We all live with increasing levels of stress. Fear determines what we do: the fear of being without a job, and therefore without money. Fear of being left behind; of not being able to keep up with things. Fear of being alone.

The stress we can sense is the sound of a system breaking down – a system that has made human work ever more productive. But if we are constantly producing more and more with less and less work, then how come we don't have more time? Why does the stress continue?

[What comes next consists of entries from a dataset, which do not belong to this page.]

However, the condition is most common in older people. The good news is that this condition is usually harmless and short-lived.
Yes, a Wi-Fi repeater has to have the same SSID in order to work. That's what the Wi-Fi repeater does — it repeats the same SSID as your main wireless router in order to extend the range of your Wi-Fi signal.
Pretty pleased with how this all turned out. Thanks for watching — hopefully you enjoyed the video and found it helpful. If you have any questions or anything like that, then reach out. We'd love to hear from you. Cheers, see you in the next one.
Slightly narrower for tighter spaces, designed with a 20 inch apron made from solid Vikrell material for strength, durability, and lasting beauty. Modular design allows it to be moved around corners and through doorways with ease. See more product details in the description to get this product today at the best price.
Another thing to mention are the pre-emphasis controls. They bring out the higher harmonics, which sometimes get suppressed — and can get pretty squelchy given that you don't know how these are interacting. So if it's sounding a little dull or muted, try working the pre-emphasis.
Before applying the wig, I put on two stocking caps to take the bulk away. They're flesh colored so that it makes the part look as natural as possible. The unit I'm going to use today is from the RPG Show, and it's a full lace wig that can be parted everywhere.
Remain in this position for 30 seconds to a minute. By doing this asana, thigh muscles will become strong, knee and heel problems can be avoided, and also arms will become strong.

The substance of this social system is the exploitation of work. Wildcat strikes are like an axe blow to the roots of the system. In the common struggle against work, a new horizon becomes visible.

It is about time

[german version]


Which way to the revolution please?

Capitalism has been stagnating for thirty years. For the last twenty years, the social system and people's working conditions have been under attack from above; and for almost ten years, there has been a worldwide movement denouncing the injustice of this system. Why do so many people still stay so quiet? Why doesn't capitalism finally give up and die?

Nothing is automatic

With the 'Great Depression' of 120 years ago, the end of capitalism appeared to have already arrived. But the way it vaulted over this barrier opened up a new era so impressively, that what first appeared in the overcoming of that deep crisis is precisely what today we call capitalism, i.e. the mass production of durable consumer goods such as cars, fridges and central heating systems. This meant a huge leap forward – including in the living standards of the people who produced them.

But now, the connection between the technological and social developments that capitalism seemed to guarantee has been broken before our eyes. In the last three decades, the only place where strong development is still taking place is in southern Asia.

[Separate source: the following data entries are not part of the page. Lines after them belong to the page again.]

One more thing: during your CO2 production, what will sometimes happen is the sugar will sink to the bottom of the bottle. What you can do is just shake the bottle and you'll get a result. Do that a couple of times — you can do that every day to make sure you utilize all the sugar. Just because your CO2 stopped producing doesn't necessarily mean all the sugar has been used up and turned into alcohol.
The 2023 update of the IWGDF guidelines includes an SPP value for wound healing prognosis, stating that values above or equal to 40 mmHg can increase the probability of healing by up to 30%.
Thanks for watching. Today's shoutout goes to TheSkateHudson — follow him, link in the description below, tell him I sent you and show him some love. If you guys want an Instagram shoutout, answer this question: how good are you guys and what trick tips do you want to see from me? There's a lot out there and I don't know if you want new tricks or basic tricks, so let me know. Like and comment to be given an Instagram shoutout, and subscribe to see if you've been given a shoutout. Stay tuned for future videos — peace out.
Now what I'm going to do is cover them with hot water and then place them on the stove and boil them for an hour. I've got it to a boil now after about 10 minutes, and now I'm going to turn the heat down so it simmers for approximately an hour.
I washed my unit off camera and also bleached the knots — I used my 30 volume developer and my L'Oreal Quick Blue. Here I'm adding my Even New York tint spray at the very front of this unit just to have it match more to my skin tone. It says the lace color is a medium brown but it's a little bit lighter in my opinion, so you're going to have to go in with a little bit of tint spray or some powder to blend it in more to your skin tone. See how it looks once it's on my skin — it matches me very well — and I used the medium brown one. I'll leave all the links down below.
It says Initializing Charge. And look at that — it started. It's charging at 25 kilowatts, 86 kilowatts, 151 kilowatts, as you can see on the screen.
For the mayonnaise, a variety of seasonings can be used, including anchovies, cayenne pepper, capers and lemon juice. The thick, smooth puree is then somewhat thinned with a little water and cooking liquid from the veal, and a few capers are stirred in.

When capitalism pushes up against barriers, then the preconditions for a radical change (Latin: 'revolution') of all this shit are produced; but capitalism will not break down 'automatically'.

Why do people still stay so quiet?

For one thing, it's because of fear over jobs, and the knowledge that other people have it a lot worse. And secondly, there are social classes that believe sinking wages and social cuts to be in their interests: not only bosses but economic advisors, department managers, high-earning television news reporters, and politicians and functionaries of every kind, who bluntly and aggressively demand the sharpening of social inequality. In Germany, the Schroeder government is determined to push through tough reforms on behalf of this so-called 'top third'(in reality, they clearly make up less than a third of the population).

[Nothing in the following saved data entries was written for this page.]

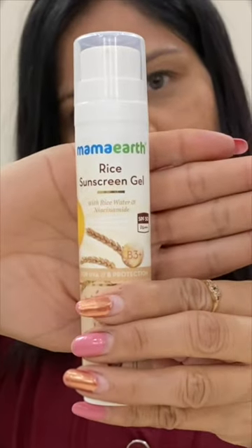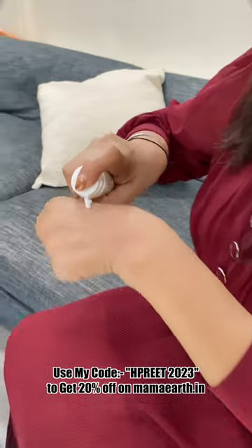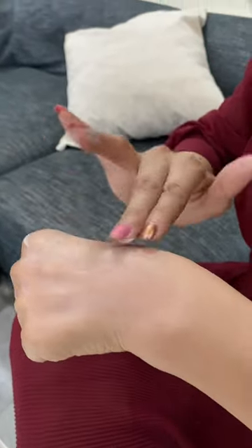This is Mama Earth's Rice Sunscreen Gel, which contains rice water and niacinamide, protecting us from UVA and UVB rays. Its texture is also very light. Let's see how well it is absorbed.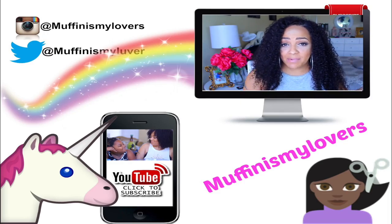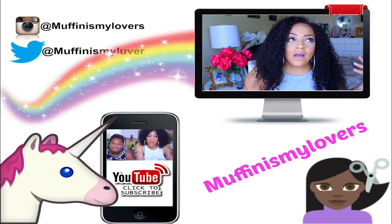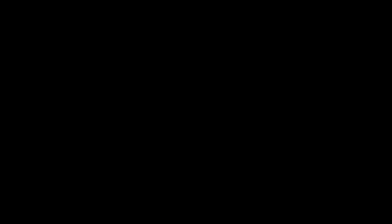Let me know what you think of the mirror. Stay diva and divalicious. I love you guys. Make sure you rate, comment, subscribe, and I'll see you in a soon to come video. See ya.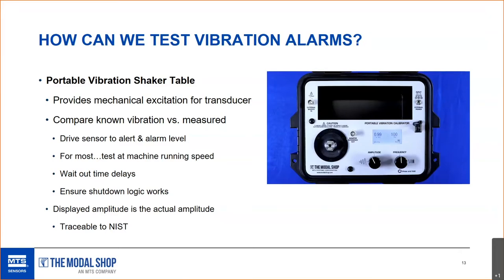Proximity probes and case-mounted vibration sensors are most sensitive to vibration at machine running speed, so that's a great place to start. Many machinery faults happen at 1x or 2x running speed. You also have to wait out the time delays and ensure the shutdown logic works. The best way to test the vibration alarm is a loop check through mechanical excitation — starting with the sensor on the machine, through the cable, power supply/proximeter, and all the way to verifying an alarm notification in the control room.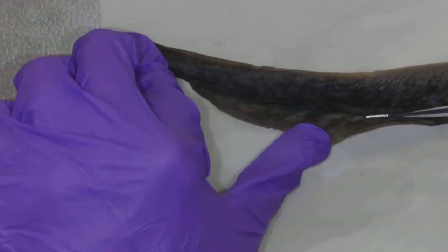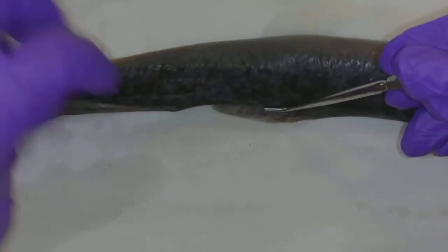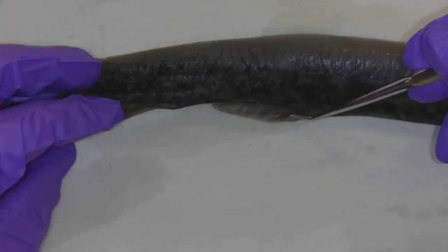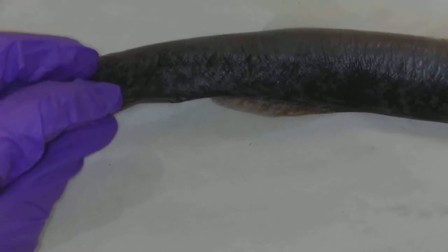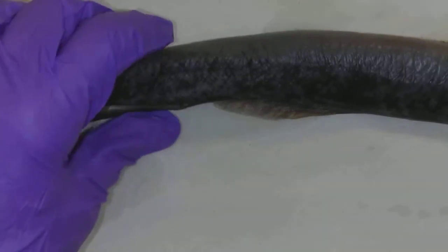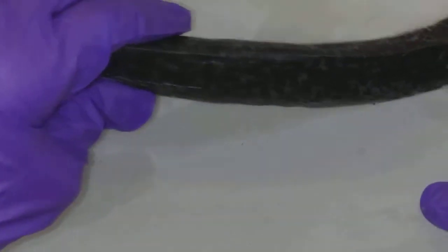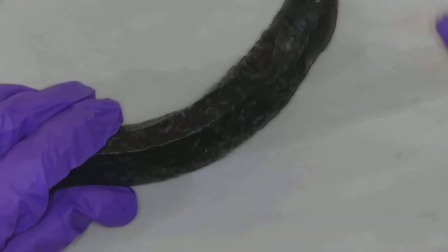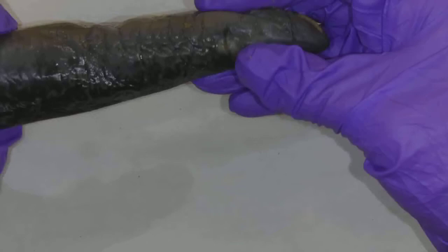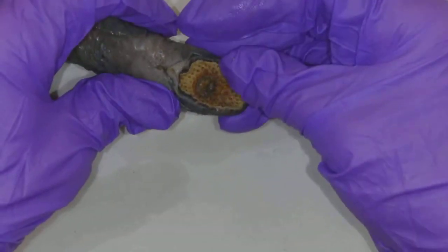Then we have the dorsal fin — that dorsal fin — and here's another little dorsal fin. That helps stabilize this little guy, to keep him from rolling as he's swimming through the water. This particular fish — let's put him dorsal side up — he is a fish, but it is a parasitic fish. This fish spends the majority of his time attached to something else, a shark or other big fish.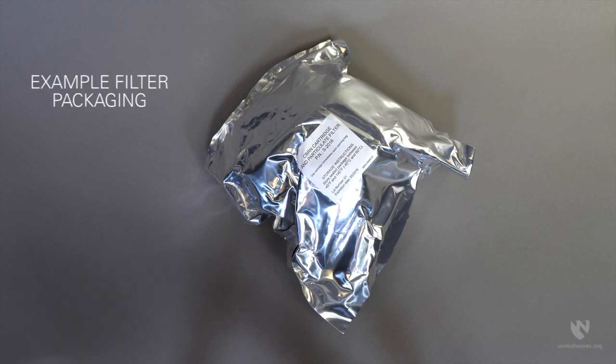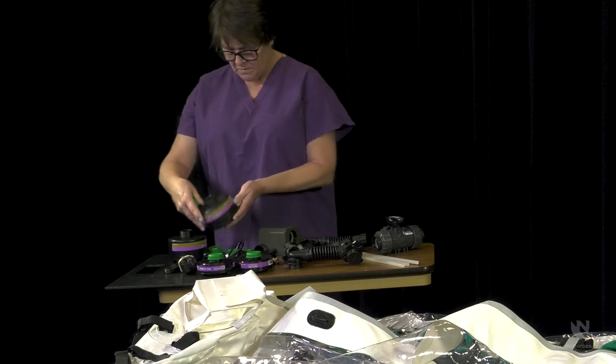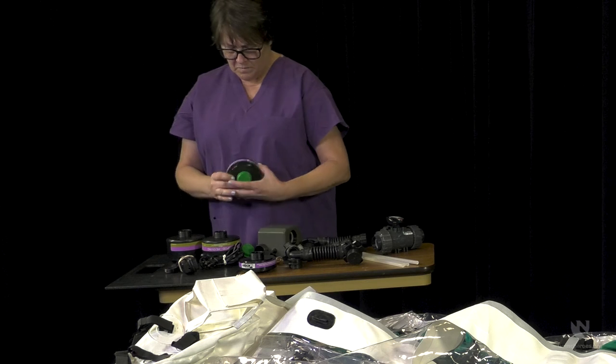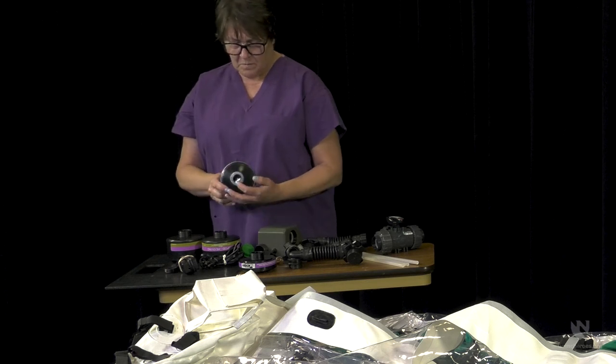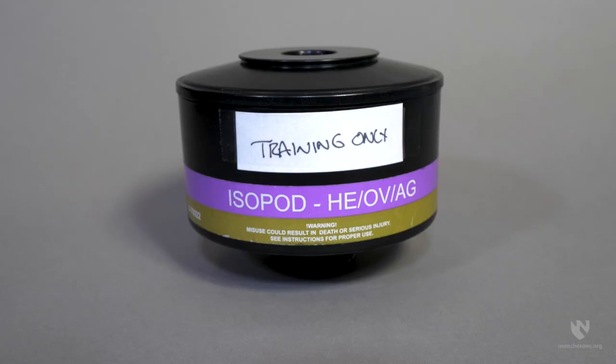Do not remove filter packaging unless you are ready to use the filter. If you are assembling the isopod for use, be sure the caps on the top and bottom of the filters are removed — any caps remaining on the filters will block air flow, which will seriously affect the functionality of the isopod. Consider using expired filters for training and label accordingly.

Meanwhile, it is no longer only construction workers who are actually being set up in competition with workers on Ukrainian wages. The German car industry threatens workers with Czech and Spanish wages, and VW has managed to use this threat to significantly undercut the in-house contract for the first time, with its 5000 x 5000 model. Software departments are now set up in competition with programmers in India. Many people live under the threat of a worse life; but what is lacking in all the uproar – aside from reforms that leave the whole structure intact – is imagination about how things could be different. It is for this sole reason that the 'domination of the ideological sphere by economic advisors' exists.

What comes after the anti-globalisation movement?

Following the autumn 1999 protests against the WTO meeting in Seattle, a global movement entered the stage for the first time in history. In Seattle, workers and members of youth movements, unionists and anarchists fought side by side on the streets. It happened again during the World Economic Forum in Genoa in summer 2001: refugees; people from squatted social centres; workers: and the power of the state hit back – hard. Since then the movement has lost its real momentum, but it still breaks out again here and there: for example, when millions of people worldwide marched against the Iraq war; or at the demo in Berlin on 1st November 2003, against the government's social policies. The movement against neoliberalism has fulfilled its ideological aim, in that neoliberal ideology has been discredited; but it has not reached its political and social aims: Iraq was bombed and occupied; inequality is on the increase; more and more people are dying of hunger around the world. Market relations are becoming more prevalent and more intense in everyday life, and the result is frustration and de-politicisation. Many 'star politicians' are quite happy with the situation, because their analysis and advice is reaching the ears of the powerful.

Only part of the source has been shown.